Exercise requirements:
Give back exactly the line containing "Photo 10 of" and all that follow it in the data below, with the pictures left out.

==== Records provided

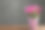 漂亮的粉红色矮牵牛花在木桌上的花盆与灰色的背景。空间的文本图片下载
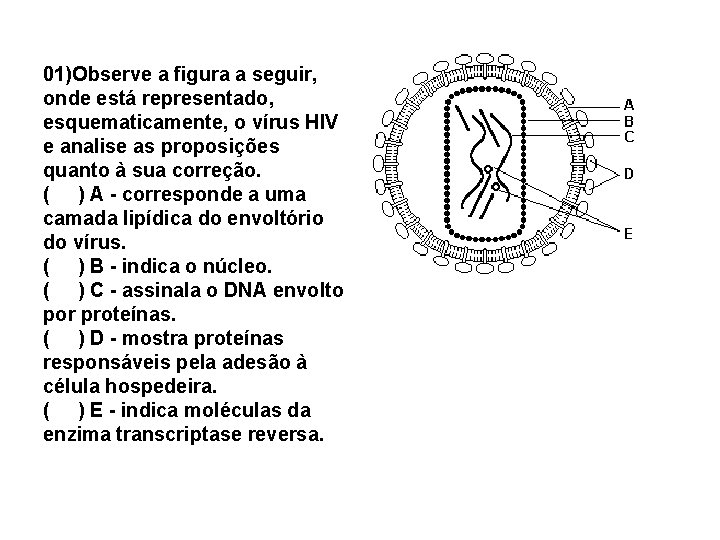 01)Observe a figura a seguir, onde está representado, esquematicamente, o vírus HIV e analise 01)Observe a figura a seguir, onde está representado, esquematicamente, o vírus HIV e analise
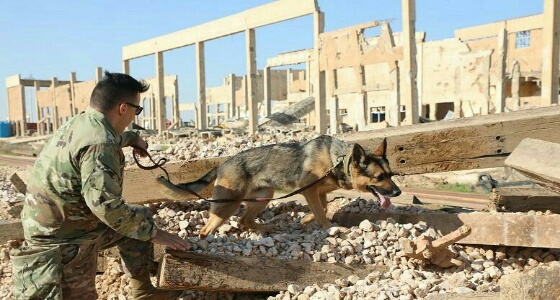 الولايات المتحدة تكشف عن صور جديدة من عملية قتل «البغدادي»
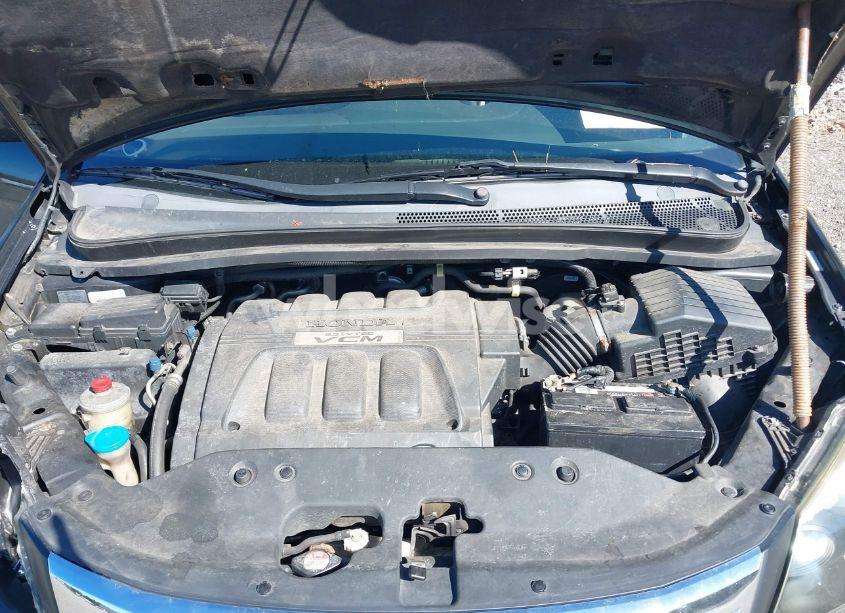 Photo 10 of 2009 Honda Odyssey EX-L (VIN 5FNRL38729B035476)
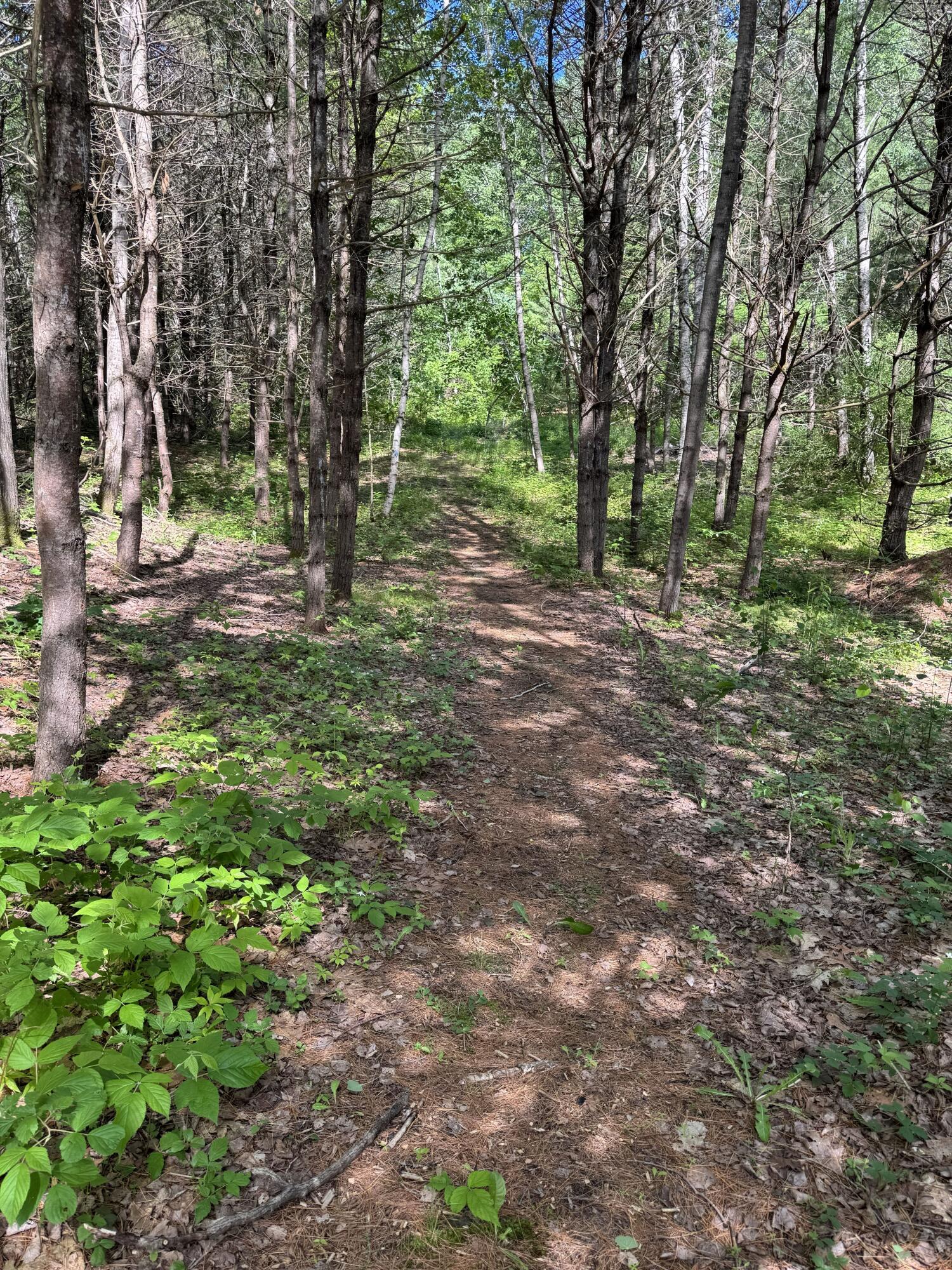 26 Martin Road Alna, ME 04535 - Photo 91 of 101 Wooded Path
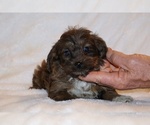 Small #14 Yorkiepoo mix (+ Poodle Toy)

========

Exercise result:
 Photo 10 of 2009 Honda Odyssey EX-L (VIN 5FNRL38729B035476)
 26 Martin Road Alna, ME 04535 - Photo 91 of 101 Wooded Path
 Small #14 Yorkiepoo mix (+ Poodle Toy)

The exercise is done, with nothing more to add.